I have been on a number of trips around Ireland during this time and what I have found is that our shared heritage is stronger than ever, but more than that, our military history sometimes suffers. In many cases a more oblique presence, such as a monument to the 1916 Easter Rising, often in areas with a tenuous link to the activities of Easter week, may eclipse all other aspects of a martial past.
In the proud military city of Limerick, Ireland, both the British and Irish armies maintained strong garrisons, owing to nodal nature of the river Shannon and the strategic fording point therein. The docks and the military clothing factory and chandlers are mentioned elsewhere in this blog, but it is the social and structural aspects of our history that I would draw your attention to today.

Benchmark Stone at intersection of Roden Street and O’Connell Avenue, Limerick.
I was walking home from a sporting fixture on Easter Sunday evening and was waiting for a local bus. As I waited at the stop, I noticed, probably for the first time ever, a curious stone set into the pavement. The road split into a ‘T’ junction at this point, leading up to the rear gate of the ‘New Barracks’ (Sarsfield Barracks, in modern military parlance). The stone in question was about two feet high and was what was known as a benchmark. Essentially this was a triangulation point (and/or a boundary marker), used by members of the British War Department’s Ordnance Survey, for cartographic and engineering purposes. Deaglan DePaor has a good example of a ‘cut benchmark’ in his own blog, https://deaglandepaor.wordpress.com/tag/cavalry-barracks/
Here was a prime example of the mark left on the civic and social landscape…and it was literally lying around.

The benchmark is located at the red ‘x’, top right-hand corner. Interestingly, it is not noted on the map, though it may have been added later, c. 1910. A similar notation is visible in the blue circle at the bottom left-hand corner.

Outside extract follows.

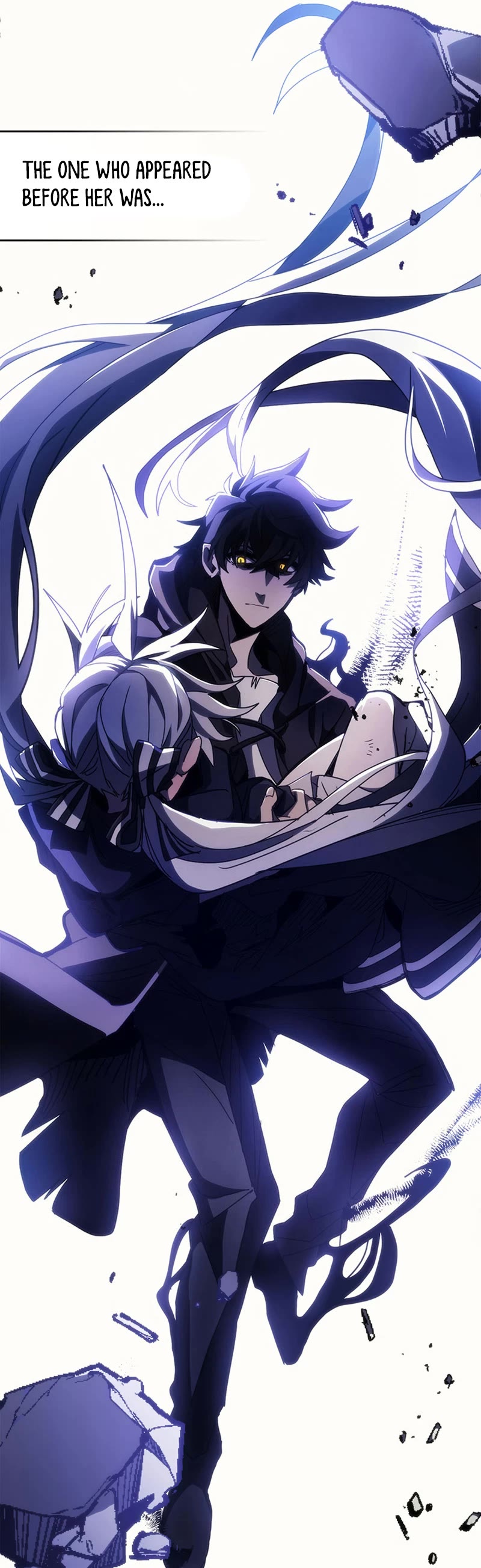 The Unbeatable Dungeon's Lazy Boss Monster chapter 18 page 50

Here was a prime example of the mark left on the civic and social landscape by our shared military history, and it was literally lying around at the foot of the British military presence in Ireland and now lies almost totally ignored by passers-by. This datum was used to build the city that those people lived in; it is literally a part of the social fabric of society. The author Frank McCourt probably passed this iconography every day, as he wound his way about the streets of his home by the mighty Shannon river.
For the remainder of 2018, I will endeavour to present similar stories to you, the reader. With this I hope to not only encourage myself to write about objects which have traditionally been overlooked but also to engage with the quotidian and the sublime.
UPDATE 17/04/2018: My colleague and #twitterstorian, EamonnF at @GalwayPens, has kindly pointed out that this may also have been a boundary marker, delineating the physical footprint of the military installation.